In it’s current form, the cd command might fail, and the line after that statement it will get executed. This can have nasty side effects, like deleting or creating files inside the wrong directory.

Instead of checking every return code of every command, which would increase the complexity and reduce the readability of the script, it is possible to stop and exit immediately on the first failure:

set -o errexit

# short form:
# set -e

This option is available on POSIX sh, which means it is available on very shell that claims to be compatible: bash, dash, zsh, …​

Of course there are situations where we can and want to handle errors, the documentation states it clearly:

The -e setting shall be ignored when executing the compound list following the while, until, if, or elif reserved word, a pipeline beginning with the ! reserved word, or any command of an AND-OR list other than the last.

Knowing that on every error the scripts terminates

  • enforces us to think clearly what commands can fail and what failures we want or can handle

  • makes it easier to find bugs while developing the script

If you are using bash instead of POSIX sh, you might also want to enable following option: set -o pipefail Unfortunately it is not available on all shells, and there is no portable solution .

static analysis

shellcheck is a must have when writing some scripts.

It does not support zsh, but you probably should prefer writing scripts in bash or in sh, given that those are available on nearly all systems, and given that zsh does not really offer great benefits over bash for non interactive shells (ie: scripts).

It is a static analyzer, thus it does no need to execute the script for finding common pitfalls.

Consider again

cd $1
# do other things

What if it is a directory but it contains spaces?

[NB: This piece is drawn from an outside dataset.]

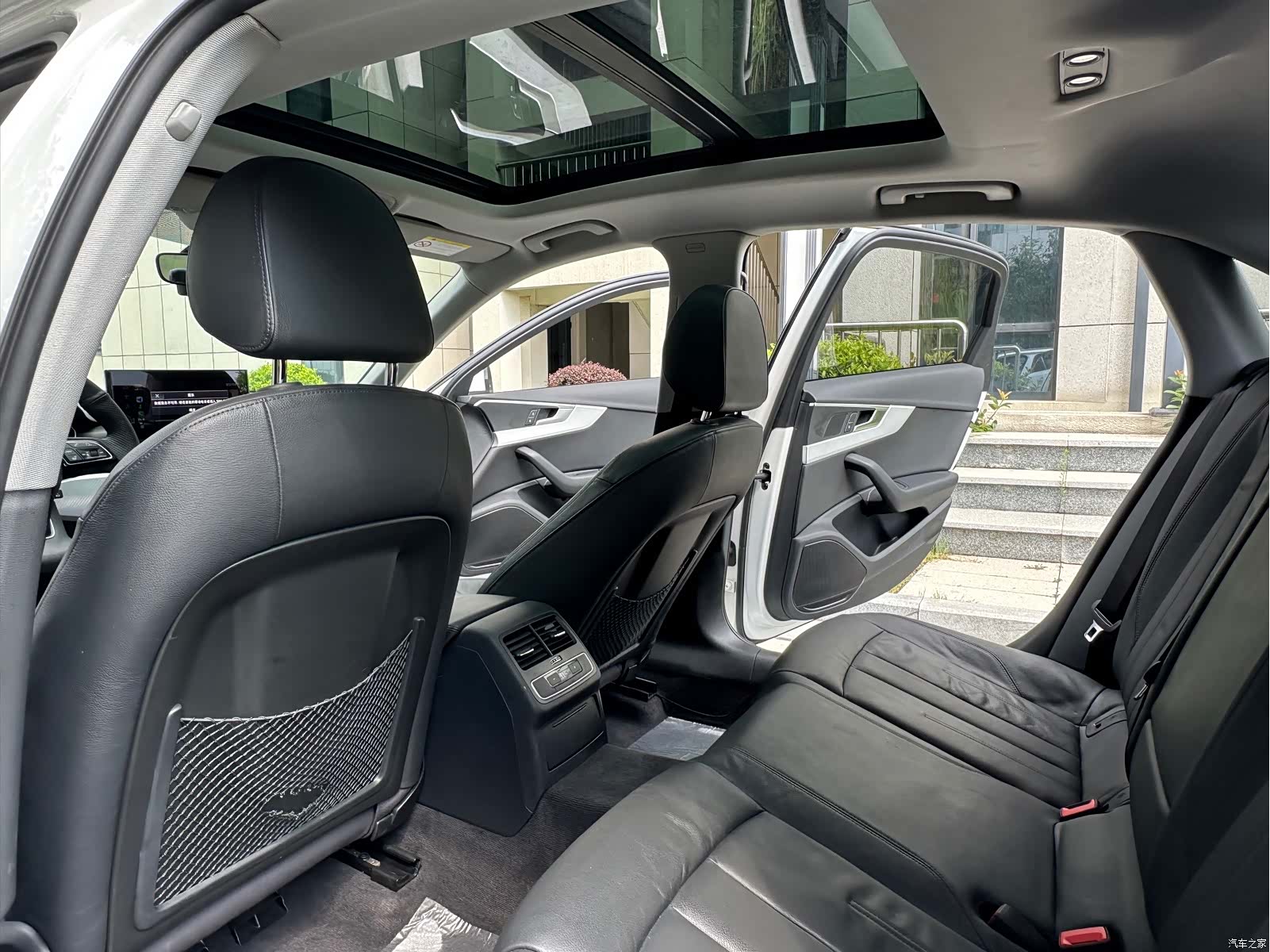 Audi A4L, 2017 11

Then the cd command will be execute with multiple parameters and probably fail.

What if the directory name contains *? The shell might expand it to other characters, thus cd might change to the wrong directory.

What if the directory is named -? While it is difficult to foresee the third problem, the first two have easy fixes, but lets do not digress.

For example on the previous sample it would have mentioned that we should write cd "$1" instead of cd $1 to avoid issues if $1 holds a valid path with spaces, or to avoid globbing.

distinguish between unset and set but empty parameters

When dealing with optional parameters, dealing with unset and set but empty variables is often confusing.

Adding

set -o nounset

# short form:
# set -u

Will help spotting some edge cases, since it will trigger an error, and together with set -o errexit the script will stop immediately.

Parameter expansion

In my experience, a not-so-well-known (or used) feature of the shell is parameter expansion.

Use it for default values

Following expressions are very useful when dealing with optional and default values:

unset var
printf %s "${var:-default value}"
# prints: "default value"

var= # or var=''
printf '%s\n' "${var:-default value}"
# prints: "default value"

var=value
printf '%s\n' "${var:-default value}"
# prints: "value"


unset var
printf '%s\n' "${var-default value}"
# prints: "default value"

var= # or var=''
printf '%s\n' "${var-default value}"
# prints: ""

var=value
printf '%s\n' "${var-default value}"
# prints: "value"

Therefore, leaving out the colon changes the test from "unset or empty" to just a test for "unset". This applies to the :-, :=, :?, and :+ forms of parameter expansion as well.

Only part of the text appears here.